We'll explore it from your example.
This is our configuration file from which we would start:
M569 P40.0 S1 ; physical drive 40 goes forwards X M569 P41.0 S1 ; physical drive 41 goes forwards Y1 M569 P42.0 S1 ; physical drive 42 goes forwards Y2 M569 P43.0 S0 ; physical drive 43 goes backwards Z1 (Z) M569 P44.0 S0 ; physical drive 44 goes backwards Z2 (U) M569 P45.0 S0 ; physical drive 44 goes backwards Z3 (V) M569 P20.0 S1 ; physical drive 20 goes forwards E0 M569 P21.0 S1 ; physical drive 20 goes forwards E1 M569 P22.0 S1 ; physical drive 20 goes forwards E2 M584 X40.0 Y41.0:42.0 Z43.0 U44.0 V45.0 E20.1:21.1:22.1 ; set drive mapping M350 X1 Y1 V1 Z1 U1 V1 E16:16:16 I1 ; configure microstepping with interpolation M92 X150.53 Y150.53 Z100.12 U100.12 V100.12 E420.00:420.00:420.00 ; set steps per mm M566 X900.00 Y900.00 Z500.00 U500.0 V500.0 E120.00:120.00:120.00 ; set maximum instantaneous speed changes (mm/min) M203 X18000.00 Y18000.00 Z12000.00 U12000.00 V12000.00 E1200.00:1200.00:1200.00 ; set maximum speeds (mm/min) M201 X1500.00 Y1500.00 Z500.00 U500.00 V500.00 E250.00:250.00:250.00 ; set accelerations (mm/s^2) M906 E1000:1000:1000 ; set motor currents (mA) M84 S0 ; Disable motor idle current reduction ; Axis Limits M208 X0 Y0 Z0 U0 V0 S1 ; set axis minima M208 X400 Y250 Z100 U100 V100 S0 ; set axis maxima ; Endstops M574 X1 S1 P"!40.io0.in" ; configure active-high endstop for low end on X via pin !40.io0.in M574 Y1 S1 P"!41.io0.in" ; configure active-high endstop for low end on Y via pin !41.io0.in o !42.io0.in ;M574 Z2 S1 P"!43.io0.in" ; configure active-high endstop for high end on Z via pin !43.io0.in M574 U2 S1 P"!44.io0.in" ; configure active-high endstop for high end on U via pin !44.io0.in M574 V2 S1 P"!45.io0.in" ; configure active-high endstop for high end on V via pin !45.io0.in M574 E1 S1 P"!20.io0.in" ; configure active-high endstop for low end on E (g-syringe) via pin !20.io0.in M574 Z1 S2 ; configure Z-probe endstop for low end on Z ; Z-Probe M950 S0 C"out4" ; create servo pin 0 for solenoid io3.out M558 P8 C"io3.in" H0 R1 F120 T5000 ; set Z probe type to bltouch and the dive height + speeds G31 P500 X0 Y0 Z1 ; set Z probe trigger value, offset and trigger height M557 X15:200 Y15:195 S20 ; define mesh grid
Still a lot of work ahead. If uncomment Z endstop config then Z-probe give us an error. Time to troubleshoot.
M950 S0 C"out4"
I'm sure out4 is not a valid name for an output.

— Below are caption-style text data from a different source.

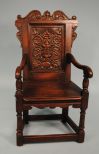 20th Century Oak Carved Back and Crest Arm Chair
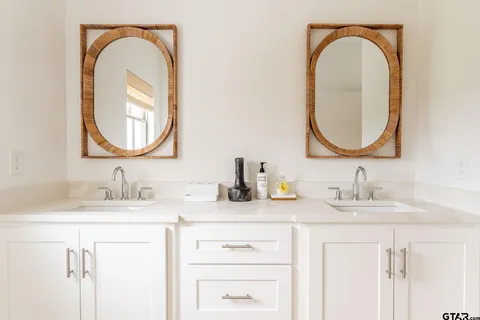 a living room with furniture tv and a window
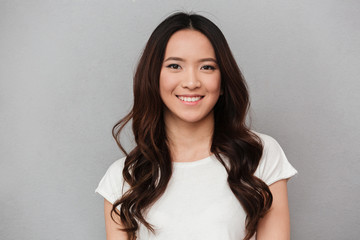 Portrait of asian lovely woman with dark curly hair posing with kind smile, isolated over gray background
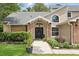 Close up of the home's entrance with a well-manicured lawn and mature trees at 10664 Spring Buck Trl, Orlando, FL 32825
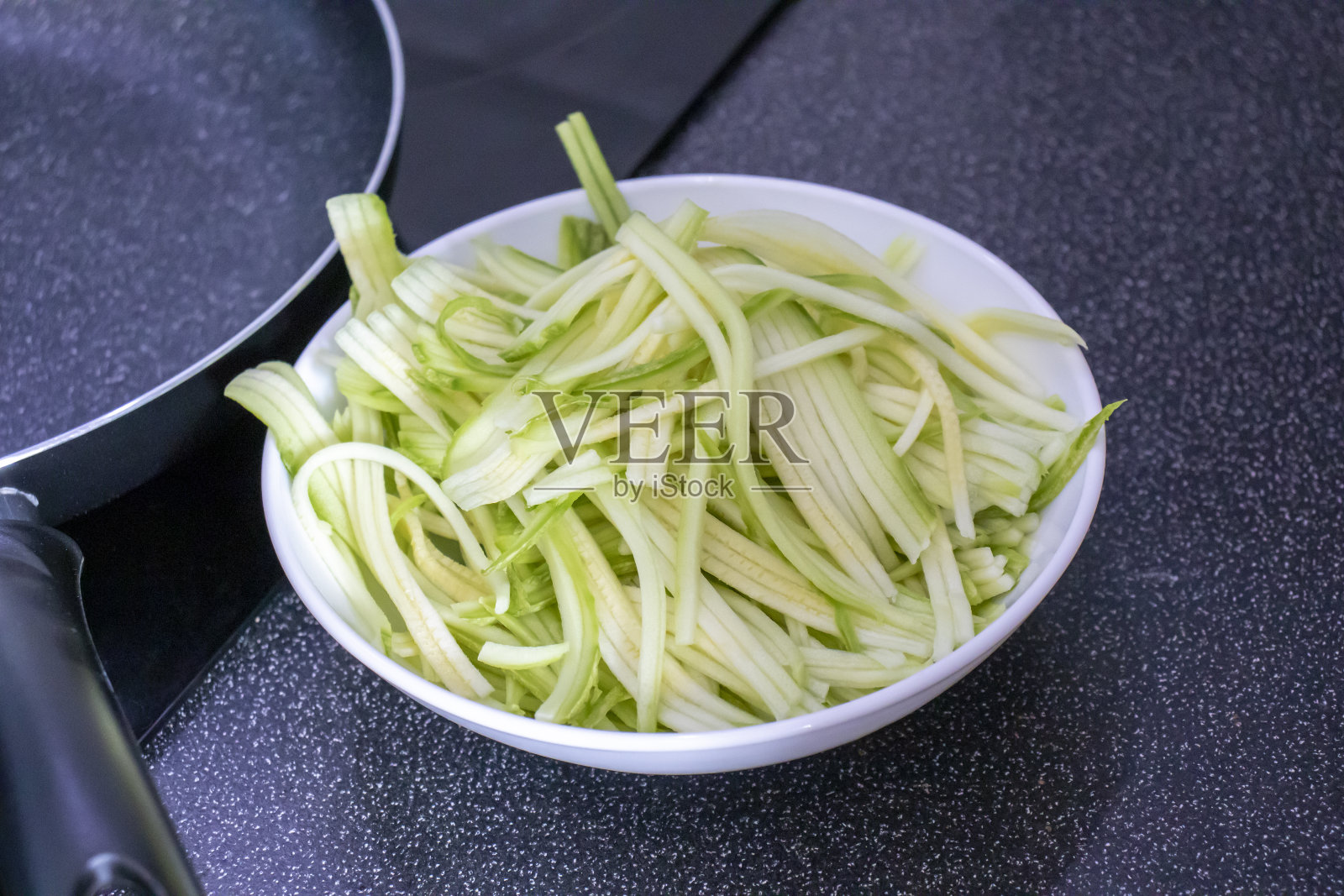 黑桌子上的煎锅旁边的盘子里有西葫芦做的意大利面照片摄影图片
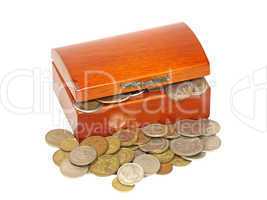 Wooden chest with different metal coins.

M950 S0 C"io4.out" ; looks better
It works as shown. The solenoid trigger signal is into the 6HC board OUT4 connector. It is possible that it also works with the nomenclature that you suggest, we will test it.
Ignore comments, they get overwritten in tests constantly.
Then it's one of the 2-pin high current connectors. Makes sense.
@marcossf if you need separate meshes for the three heads, then I suggest you probe the bed three times, storing the height map under different filenames. Then you can load the appropriate height map in the tool change file.
BTW in RRF 3.4 I expect to support remapping of the Z axis per tool (same as we already do for X and Y), so it will be easier to support multiple Z axes.